10.4.4 Monitor INet BSD Socket
After the Socket is bound to the address, the connection request of the specified address can be listened. A network application can listen to Socket without first binding the address; in this example, the INET Socket layer finds an unused port number (for this protocol) and automatically binds it with Socket. Monitor the Socket function sets the socket state to TCP_Listen and makes the work you need to connect into the connection.
For UDP sockets, changing the status of Socket is sufficient, and TCP now adds SOCKET's SOCK data structure to two Hash tables and activates, tcp_bound_hash tables, and TCP_Listening_hash tables. Both tables index through a Hash function based on the IP port number.
Whenever, an activated listener socket receives a connected TCP connection request, TCP has to create a new SOCK structure to describe it. When receiving, this SOCK structure will become the underlying of the TCP connection. It also copies SK_BUFF containing the connection request and put it in the receiving_queue of the listening to the SOCK structure. The copy SK_BUFF contains a pointer to the newly established SOCK structure.
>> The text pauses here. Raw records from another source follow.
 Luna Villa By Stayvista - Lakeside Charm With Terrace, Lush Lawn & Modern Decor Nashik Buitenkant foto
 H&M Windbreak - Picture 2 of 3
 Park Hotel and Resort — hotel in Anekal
10.4.5 Receive connection request
UDP does not support connection concepts, and receives the INET Socket connection request only for TCP protocols, and a monitor Socket receives a new Socket structure from the original listener socket. The receiving operation is transmitted through the supported protocol layer, this example is an inet to receive any connection request. If the next protocol, such as UDP, does not support the connection, the INET protocol layer receives the operation will fail. Otherwise, the reception operation transmits the real protocol layer, this example is TCP. The reception operation can be blocking or non-blocking. In the case of non-blocking conditions, if the connection can be received, the reception operation fails, and the new Socket structure is discarded. In the case of blocking, the network application executes the receiving operation will add a waiting queue and hang it until the TCP connection request is received. After receiving a connection request, the SK_BUFF containing the request is discarded, and the SOCK data structure returns to the Inet Socket layer, which is connected to a new Earlier Socket structure. The New Socket File Descriptor (FD) is returned to the web application, and then the application can use this file descriptor to newly created INET BSD sockets in the Socket operation. 10.5 IP layer
10.5.1 Socket Cache
Each level of protocol is provided in another layer, so that the use of multi-storey network protocols will have a problem: Each protocol should be added to the protocol head and protocol tail when transmitting data, and the data is reached again. . In this way, there must be a data cache between different protocols, and each layer needs to know which location and the end of the specific protocol. A solution is to copy the cache in each layer, but this is very efficient. Linux switches data between the protocol layer and the network device driver with Socket cache or SK_Buffs. SK_BUFFS includes pointers and field lengths, so that each protocol layer can operate the application data through standard functions or "methods".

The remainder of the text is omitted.